Heavy rainfall, which caused devastation in large parts of the Mediterranean in early September, was made more likely to happen by climate change resulting from greenhouse gas emissions, according to a rapid analysis by an international team of climate scientists from the World Weather Attribution (WWA) group.
The study is called ‘Interplay of climate change-exacerbated rainfall, exposure and vulnerability led to widespread impacts in the Mediterranean region’. It was conducted by researchers from universities and research centres in Greece, the Netherlands, the United Kingdom and the United States. WWA is an international collaboration that analyses and communicates the possible influence of climate change on extreme weather events, such as storms, extreme rainfall, heatwaves, cold spells, and droughts.
Scientists compared current climate with historical data
Results showed the destruction caused by the heavy rain was much greater due to factors that included construction in flood-prone areas, deforestation, and the consequences of the conflict in Libya.
In early September, a cut-off low which affected Spain and a low-pressure system named Storm Daniel, which formed in the Eastern Mediterranean, brought large amounts of rain over a 10-day period to several countries, including Spain, Greece, Bulgaria, Turkey and Libya.

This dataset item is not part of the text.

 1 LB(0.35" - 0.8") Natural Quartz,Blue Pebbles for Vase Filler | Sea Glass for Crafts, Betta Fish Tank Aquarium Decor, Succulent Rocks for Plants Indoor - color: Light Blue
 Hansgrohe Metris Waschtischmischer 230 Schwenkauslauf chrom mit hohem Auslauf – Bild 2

The heavy rain led to massive floods across the region, killing four people in Bulgaria, five in Spain, seven in Turkey, and 17 in Greece.
The greatest disaster occurred in Libya, where the floods caused the collapse of two dams. While the exact number of casualties is still not clear, there are currently 3,958 confirmed deaths in Derna alone and 170 people elsewhere in Libya, with over 10,000 people still missing.
To quantify the effect of climate change on the heavy rain in the region, scientists analysed climate data and computer model simulations to compare the climate as it is today, after about 1.2°C of global warming since the late 1800s, with the climate of the past, following peer-reviewed methods.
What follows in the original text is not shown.